▸ **What is required**
Set down without change every line from the line that contains "Camisa Nike Arsenal I 2011-2012 Torcedor" through the end of the listing, and only those lines. No pictures.

▸ **Supplied data**
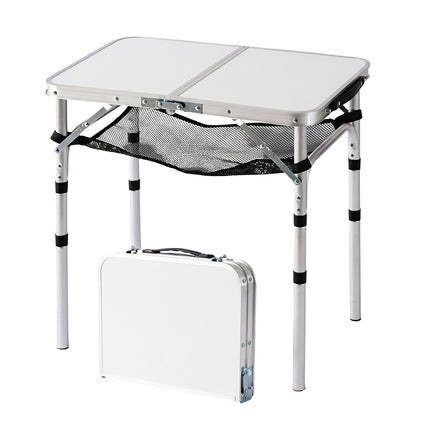 Verstellbarer Klapp-Campingtisch – Leicht, tragbar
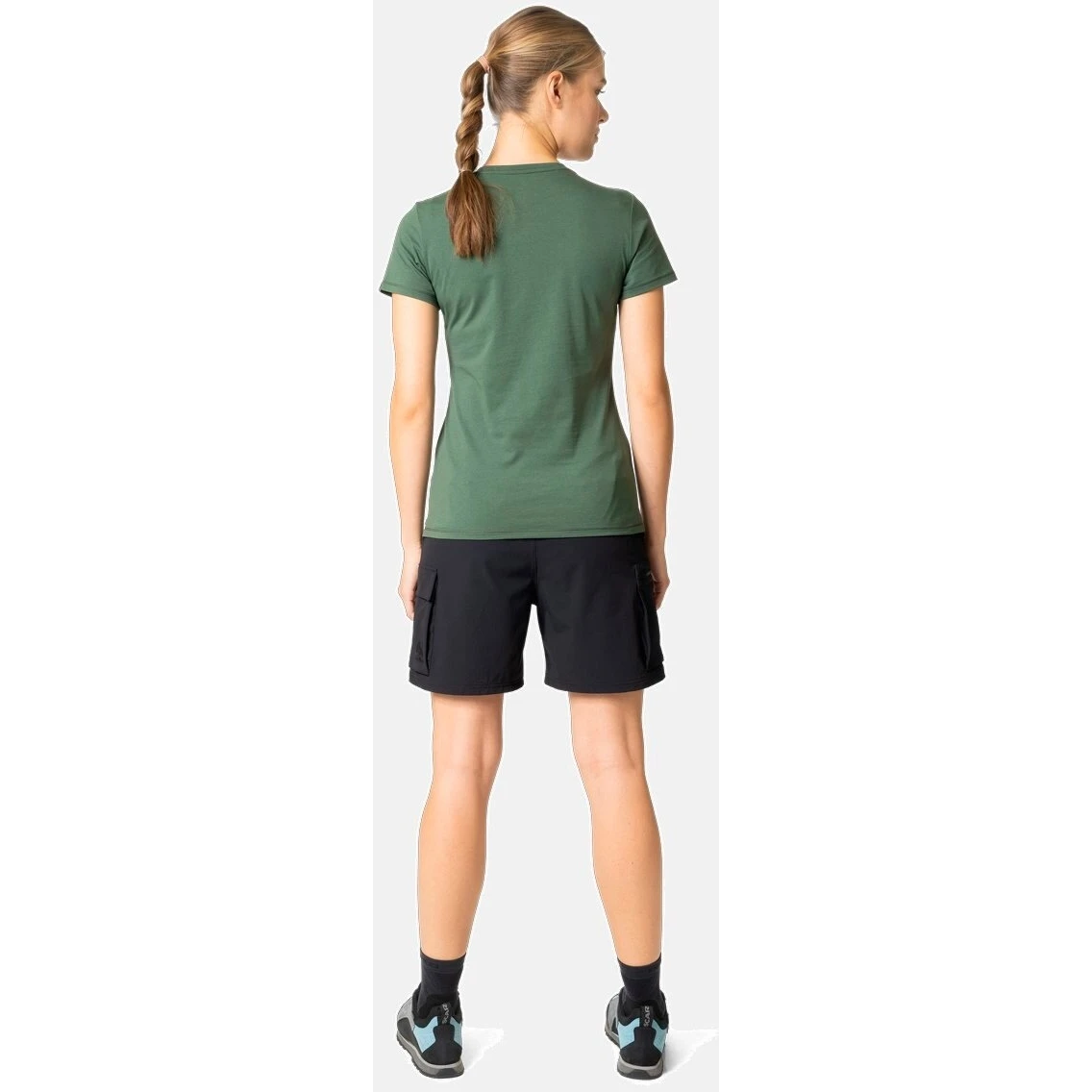 Odlo Kumano Valley T-Shirt Women - Camping Green 9 Odlo Kumano Valley T-Shirt Women - Camping Green - Image 7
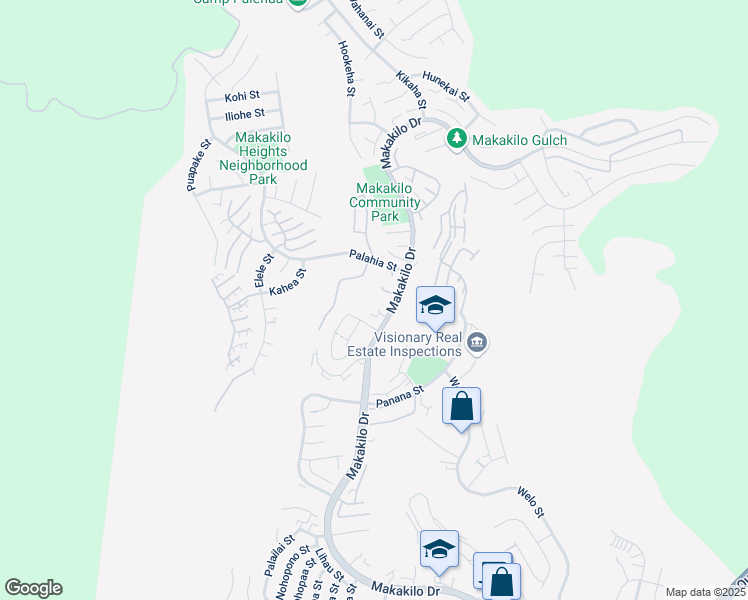 map of restaurants, bars, coffee shops, grocery stores, and more near 92-1042 Kanehoa Loop in Kapolei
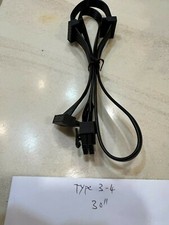 Corsair Type 4 6 Pin to 3x SATA DRIVER CABLE FOR CORSAIR CXM Series ,Original  picture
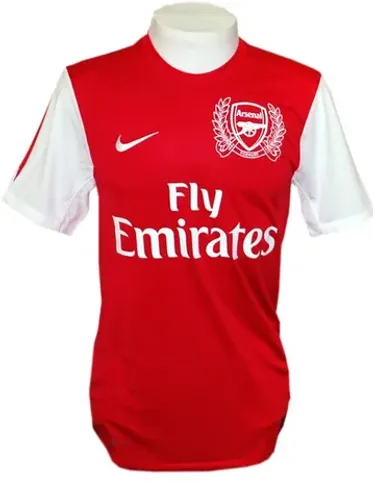 Camisa Nike Arsenal I 2011-2012 Torcedor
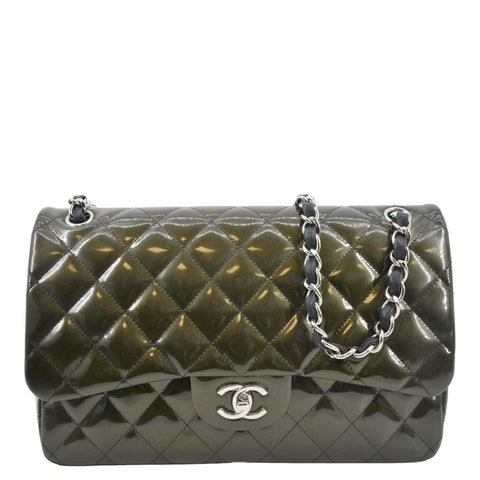 Authentic chanel tote patent - Gem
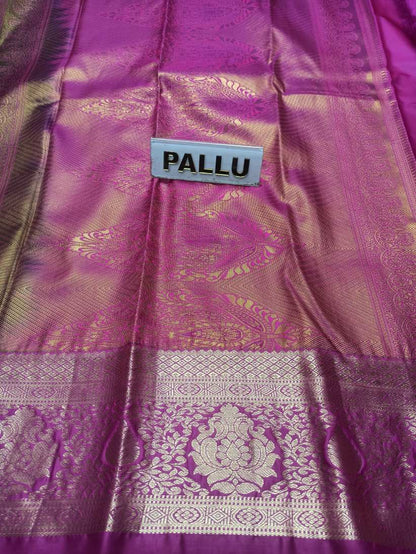 Kanchi Mix Silk Saree.
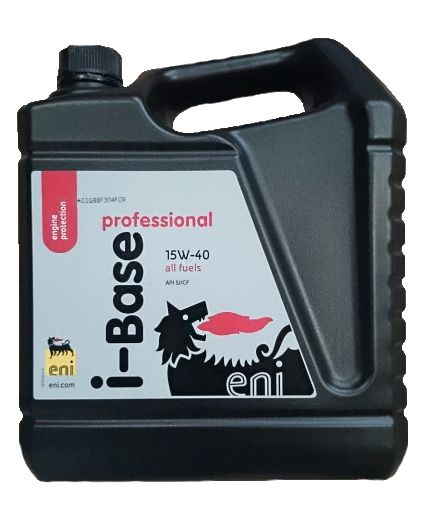 Моторное масло ENI I-BASE PROFESSIONAL 15W-40 4л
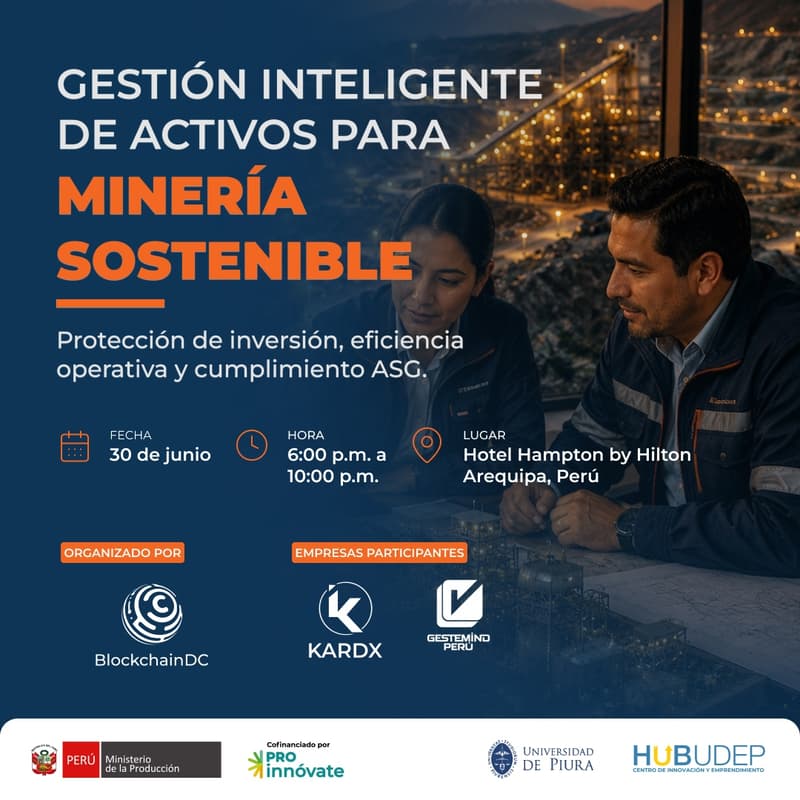 Cover Image for Gestión Inteligente de Activos para Minería Sostenible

▸ **Exercise result**
 Camisa Nike Arsenal I 2011-2012 Torcedor
 Authentic chanel tote patent - Gem
 Kanchi Mix Silk Saree.
 Моторное масло ENI I-BASE PROFESSIONAL 15W-40 4л
 Cover Image for Gestión Inteligente de Activos para Minería Sostenible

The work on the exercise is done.